En este punto, sería recomendable que esos candidatos escuchen el consejo de los expertos, como de quienes celebrarán los próximos días 17, 18 y 19 de abril una serie de Foros de Análisis y Propuestas sobre Política Criminal, Justicia Penal y Seguridad Pública en el Centro de Estudios de Política Criminal y Ciencias Penales (Cepolcrim).
La verdad es que cualquier resolución al “déficit de seguridad” no pasa por plantear ideas antiguas, como rebautizar secretarías de despacho y centros de investigación, lo cual no ha dado nunca los resultados esperados, justo por tratarse de cambios superficiales o cosméticos a sistemas de procuración y de justicia preexistentes.

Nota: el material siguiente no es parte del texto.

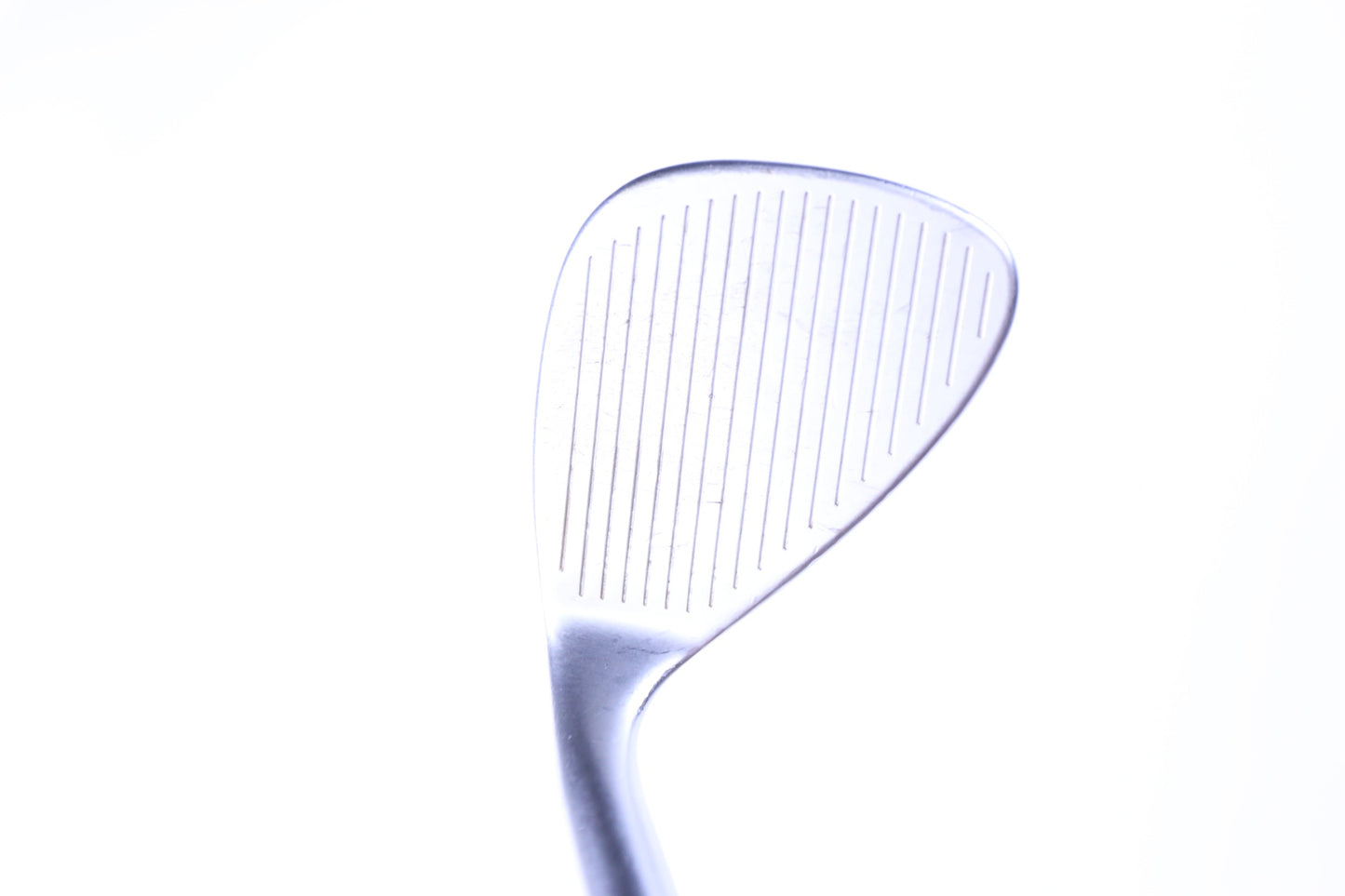 Used Callaway Mack Daddy PM Lob Wedge - Right-Handed - 60 Degrees - Stiff Flex-Next Round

Tampoco es necesario formular promesas o recetas extravagantes y exóticas. En efecto, para combatir a la criminalidad organizada —y a la no organizada—, basta poner en práctica lo que debe hacerse y no se hace: a) perseguirla y enjuiciarla con la ley; b) involucrar activamente a la sociedad; y, c) ubicar a cada cosa en su lugar.
Para ese propósito, el ganador de la contienda por la Presidencia de la República debería llevar a cabo una convocatoria nacional para implicar a los sectores público, social y privado en esa persecución y enjuiciamiento contra la delincuencia organizada, acción que debe privilegiar la concientización y participación ciudadana.

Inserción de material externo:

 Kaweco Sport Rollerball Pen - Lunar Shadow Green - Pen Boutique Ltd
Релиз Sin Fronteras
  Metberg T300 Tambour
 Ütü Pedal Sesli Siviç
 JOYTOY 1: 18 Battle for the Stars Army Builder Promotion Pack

Con sustento en la ley, debería crearse una política criminal única que ordene, delimite y articule de modo general la persecución y enjuiciamiento de los delitos federales y locales, además de uniformar el tratamiento y reinserción del inculpado, la prevención y rehabilitación de las adicciones y la regeneración del tejido social.
Al Sistema Nacional de Seguridad Pública debe dotársele de “dientes” —de una vez por todas— para que en la prevención, investigación y juzgamiento de los delitos cada ámbito de gobierno asuma sin excusas su responsabilidad, en especial el local, en donde tienen lugar esos ilícitos, sin perjuicio de reforzar la coordinación.
Tampoco puede seguir imperando que, frente a delitos graves, las autoridades de los estados y municipios —a pesar de disponer de la policía de proximidad— estén siempre mirando “hacia el otro lado” para evadir sus deberes constitucionales en seguridad pública, además de tolerar la corrupción, y de no preparar a sus policías. Esa es su primerísima e irrenunciable obligación.
Al mismo tiempo, deben promover y proteger el derecho de la persona a la denuncia pública eficaz, con lo cual debe bajar la alarmante “cifra negra” y el altísimo índice de impunidad, que junto con el fenómeno de la “puerta giratoria”, lamentablemente se han convertido en incentivos perversos para cualquier tipo de criminal.
En las investigaciones contra la delincuencia organizada, es fundamental que la policía y la fiscalía privilegien como pauta para actuar, la planeación y la inteligencia sobre la improvisación y el enfrentamiento armado, para lo cual deben utilizar las técnicas especiales de investigación, que regulan la ley y la Convención de Palermo.
Los jueces de control, quienes juegan un papel crítico entre la investigación y el enjuiciamiento, al decidir sobre las medidas preventivas y de seguridad en delitos tan peligrosos como el crimen organizado, deben dictar sus resoluciones bajo el entendido que sus delitos siempre tienen lugar dentro de un contexto criminológico.
Por otra parte, no deben confundirse las tareas de seguridad preventivas a cargo de los cuerpos de policía —como los municipales—, de las acciones persecutorias que para conocer e investigar los delitos deben llevar a cabo los Ministerios Públicos federal y estatales, en aras de reunir pruebas para que el juzgador imparta justicia.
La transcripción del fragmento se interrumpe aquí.